Listen, reincarnation isn't real but my mother believes in it. This started when I reminded her I was a vegetarian and wouldn't eat the chicken she cooked. She said, why not? Chickens are assholes. Then she told me that in her past life, she worked on a farm. In this fake life that never happened, my mother had to wake before sunrise and milk the cows. She remembers how their udders felt slippery like rubber, how the farmer sometimes joined her and they'd work together, making little songs out of the rhythm of milking. The milk against the pail sounded like a man pissing but also it's sort of beautiful. My mother told me this and blushed a little. After the cows she'd go to the chicken coop alone and she'd have to gather the eggs.

 On the farm, in her past life, my mother had her own technique to keep the hens from pecking. She would cup one hand over their heads, and then with the other hand she'd grope for their eggs. She said if you don't do this, they'll peck the shit out of you. They'll tear your hands apart.

She told me the farmer had another technique. He would stroke the chickens, thank them, call them sweetie or darling or honey. They never pecked him either, but her method worked in half the time and she didn't have to thank a chicken or call it darling.

Her favorite task was killing them. She'd bring a big cleaver down over their necks and the blood would pool up. She said it was a myth that they kept moving, or at least a myth that they could run around afterwards.

What does this have to do with anything, I asked her.

She didn't give me an answer, but I've started noticing how she holds eggs before she cracks them against the pan, as if she's saying sorry.

 

7.

Insane people see patterns everywhere. I knew a girl who read patterns in banana peels, in a mouse on her doorstep. She found an explanation, she went to the police. She disappeared after that.

Lovers look for patterns, too. Sometimes they grope for meaning: I use q-tips the exact same way you do, our brothers were born on the same day, our fathers are stoic but good-hearted men, we both prefer October over other months. Therefore.

 My husband dreamt he watched a phoenix emerge from ash. Then, you know what my dream-husband did? He shot the phoenix. The metaphor was too obvious to bring to a therapist, the dream too funny not to tell at parties until my husband asked me to stop.

But it's the slaughter that concerns me.

My husband's mother is a terrifying woman, all farm-grit and flannel. I wasn't supposed to feed the turkeys, but I fed them anyway, didn't know she'd be slaughtering them that afternoon. She pulled out the half-digested greens, looked at me with a smirk. As if, here you can't get away with anything.
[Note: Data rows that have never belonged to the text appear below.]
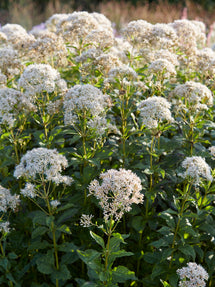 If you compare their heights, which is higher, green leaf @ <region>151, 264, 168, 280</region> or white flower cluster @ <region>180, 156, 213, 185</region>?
white flower cluster @ <region>180, 156, 213, 185</region>

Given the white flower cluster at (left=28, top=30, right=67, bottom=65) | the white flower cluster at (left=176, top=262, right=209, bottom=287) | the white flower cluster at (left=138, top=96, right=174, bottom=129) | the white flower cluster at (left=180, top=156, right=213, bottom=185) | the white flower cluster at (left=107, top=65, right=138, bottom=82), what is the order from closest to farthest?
the white flower cluster at (left=176, top=262, right=209, bottom=287) < the white flower cluster at (left=180, top=156, right=213, bottom=185) < the white flower cluster at (left=138, top=96, right=174, bottom=129) < the white flower cluster at (left=107, top=65, right=138, bottom=82) < the white flower cluster at (left=28, top=30, right=67, bottom=65)

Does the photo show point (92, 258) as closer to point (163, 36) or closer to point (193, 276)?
point (193, 276)

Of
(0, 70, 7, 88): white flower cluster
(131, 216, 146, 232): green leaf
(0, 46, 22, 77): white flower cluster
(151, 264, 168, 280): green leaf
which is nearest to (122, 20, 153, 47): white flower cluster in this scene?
(0, 46, 22, 77): white flower cluster

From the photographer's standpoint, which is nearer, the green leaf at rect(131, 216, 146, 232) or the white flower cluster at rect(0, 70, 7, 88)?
the green leaf at rect(131, 216, 146, 232)

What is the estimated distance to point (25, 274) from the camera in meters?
4.27

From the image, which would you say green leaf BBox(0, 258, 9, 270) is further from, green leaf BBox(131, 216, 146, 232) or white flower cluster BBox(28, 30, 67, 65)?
white flower cluster BBox(28, 30, 67, 65)

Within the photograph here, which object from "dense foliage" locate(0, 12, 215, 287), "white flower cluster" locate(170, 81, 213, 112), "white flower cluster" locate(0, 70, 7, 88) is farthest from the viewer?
"white flower cluster" locate(0, 70, 7, 88)

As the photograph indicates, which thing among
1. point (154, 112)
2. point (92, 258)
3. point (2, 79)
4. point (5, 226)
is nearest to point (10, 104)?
point (2, 79)

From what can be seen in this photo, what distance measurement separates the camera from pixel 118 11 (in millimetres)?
18219

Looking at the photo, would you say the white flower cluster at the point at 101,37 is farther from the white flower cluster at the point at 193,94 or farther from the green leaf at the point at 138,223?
the green leaf at the point at 138,223

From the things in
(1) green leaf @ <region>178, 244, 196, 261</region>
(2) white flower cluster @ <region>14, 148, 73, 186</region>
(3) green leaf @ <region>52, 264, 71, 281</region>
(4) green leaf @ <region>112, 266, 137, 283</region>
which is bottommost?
(3) green leaf @ <region>52, 264, 71, 281</region>

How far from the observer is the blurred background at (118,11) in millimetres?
14779

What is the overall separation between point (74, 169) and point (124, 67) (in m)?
1.57

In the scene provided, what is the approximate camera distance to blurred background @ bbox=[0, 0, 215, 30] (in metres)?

We dipped the carcasses in hot water, pulled out the feathers. My arm shot backwards with the tug. That night, my husband and I fucked in his childhood bedroom. Our fingertips sprouted turkey fluff. I told my husband that his mother despised me, but all he said was, well, why did you feed them?

 Here's a fact: Robert Johnson sings, I have a bird to whistle / I have a bird to sing / I've got a woman that I'm loving / Boy, but she don't mean a thing. Joni Mitchell changed the lyric: If I don't have you, darling, birds don't mean a thing. The man elevates the bird, the woman elevates the man. The bird whistles and sings, oblivious.